Les « grands » (?) partis et les Français eux-mêmes serrent les rangs et bloquent tous les boulons et rivets du vaisseau républicain menacé par la tempête qui agite l’océan mondial(isé) du capitalisme débridé. Ils savent que leur modèle républicain est condamné par l’évolution, qu’il n’est pas la fin, mais un accident de l’histoire. Et c’est cette identité-là, qui est la leur depuis cent-trente ans, qu’ils défendent, exaspérés et terrorisés à l’idée de la perdre, de devoir y renoncer ou de périr avec elle. Oui, c’est sur cette identité qu’ils s’arc-boutent avec l’énergie du désespoir, une identité républicaine, jacobine, démocratique et « méritocratique », et non, au rebours des assertions de nos deux auteurs, une identité ethnoculturelle et « éthicoreligieuse », considérée comme réactionnaire, obscurantiste, intolérante et raciste.

Boltanski et Esquerre prétendent que l’extrême-droite a dévoyé à son profit la forme du modèle républicain et la lettre de ses principes ; non, c’est ce modèle qui, miné par l’obsolescence de son idéal et de ses principes, se crispe sur leur réitération continuelle et de plus en plus panique. C’est bien la République qui est devenue, à sa manière, réactionnaire, et il est tout naturel qu’elle finisse par pouvoir se couler dans le moule d’un Front national « marinisé ». La condamnation de notre modèle institutionnel et social par l’évolution récente du monde nous vaut certes une ambiance de réaction, mais de réaction républicaine.
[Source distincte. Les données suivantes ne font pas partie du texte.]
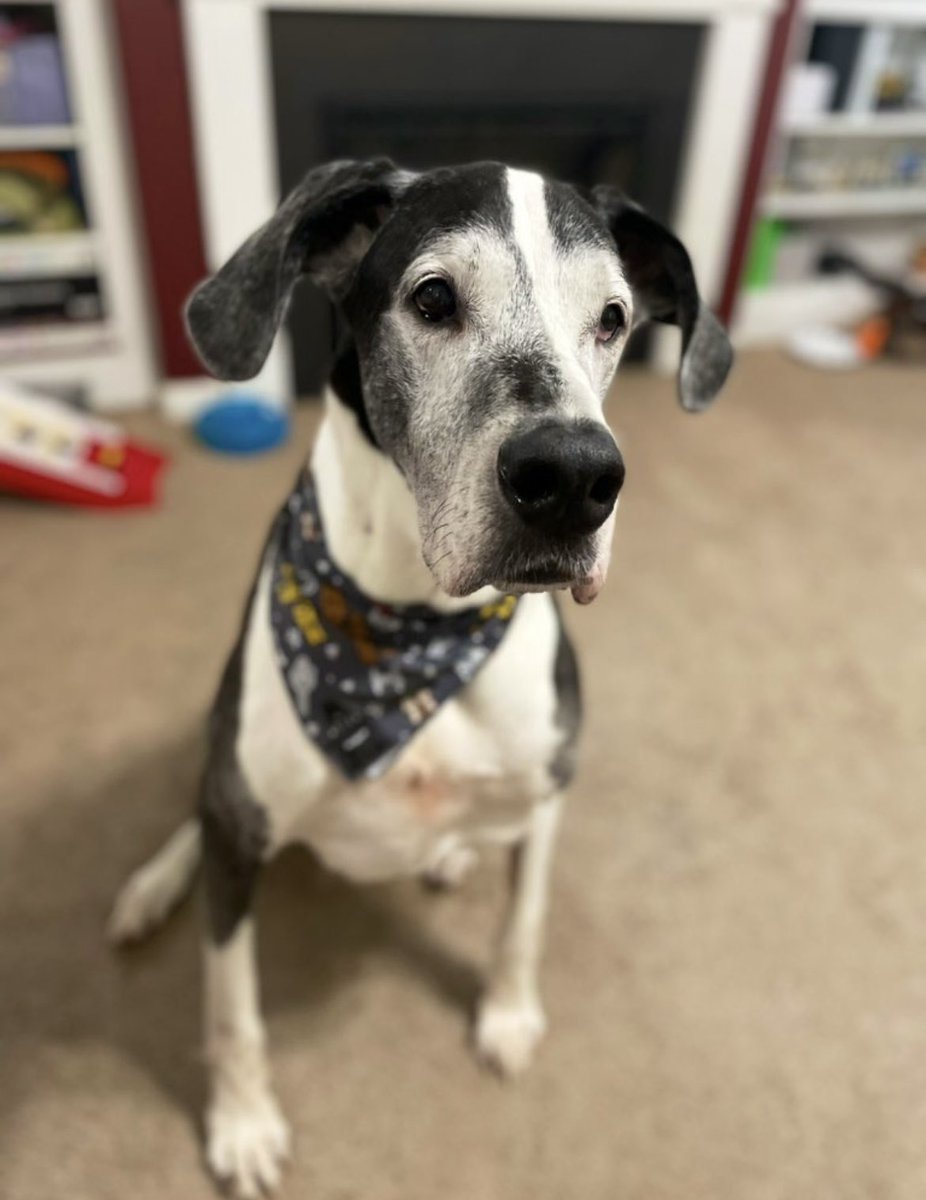 _MomToAPrincess's tweet photo. Tasty treats for this guy because he turned TEN today 🥹💙🐶 https://t.co/eePwIqEvB8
MM. Boltanski et Esquerre voudraient en expurger la République et le débat politique en réactivant l’esprit de lutte des opprimés contre les formes d’exploitation économique et morale au nom d’un idéal socialiste retrouvé. Cette stratégie ne donnera rien, comme l’attestent les échecs du NPA et du Front de Gauche qui l’avaient eux aussi adoptée. Ces deux partis (dont nos auteurs critiquent cependant les choix) n’ont en fait conçu aucune solution aux problèmes actuels et n’ont su faire autre chose que de mener un combat d’arrière-garde contre les conditions actuelles de la vie économique et pour la défense d’un modèle social-démocrate de type keynésien qu’ils rejetaient autrefois comme n’étant pas assez socialiste. Boltanski et Esquerre, eux aussi, n’ont rien de crédible à proposer. Ils le montrent d’ailleurs en se contentant de suggérer la prise de mesures (mais lesquelles ?) contre l’évasion fiscale et pour réduire l’importance des héritages. Peu convaincant. Ce que nos auteurs ne veulent pas voir, comme beaucoup d’autres, d’ailleurs, c’est que le glissement de l’électorat populaire vers le Front national s’explique par la perte totale de crédibilité de la gauche, qu’elle se veuille républicaine jacobine, sociale-démocrate ou marxisante.

Aspirant à un  mieux-être social, à une politique « vraiment de gauche », le bon peuple ne croit cependant plus à la gauche, est convaincu de son impuissance et de son incapacité. Le récent sondage IFOP réalisé par Marianne révèle d’ailleurs que dans l’hypothèse où Montebourg, leader de la gauche de son parti, était candidat du PS à la présidentielle de 2017, il n’arriverait, à l’issue du premier tour de l’élection, qu’en cinquième position, avec 10% des voix, alors que les socialistes « droitiers » Hollande ou Valls finiraient troisième (ce qui resterait d’ailleurs désastreux) avec 17% des suffrages. C’est un signe éloquent ! (même s’il ne s’agit que d’un sondage).

En définitive, ce petit livre, pourtant intelligent, fourvoie le lecteur en interprétant à faux le phénomène de glissement droitier dont il traite. Il passe à côté de la cause essentielle du phénomène, qui réside tout simplement en la décrépitude définitive de notre modèle républicain.

Vers l’extrême, de Luc Boltanski et Arnaud Esquerre, éditions Dehors, 75 p., 7.50 euros.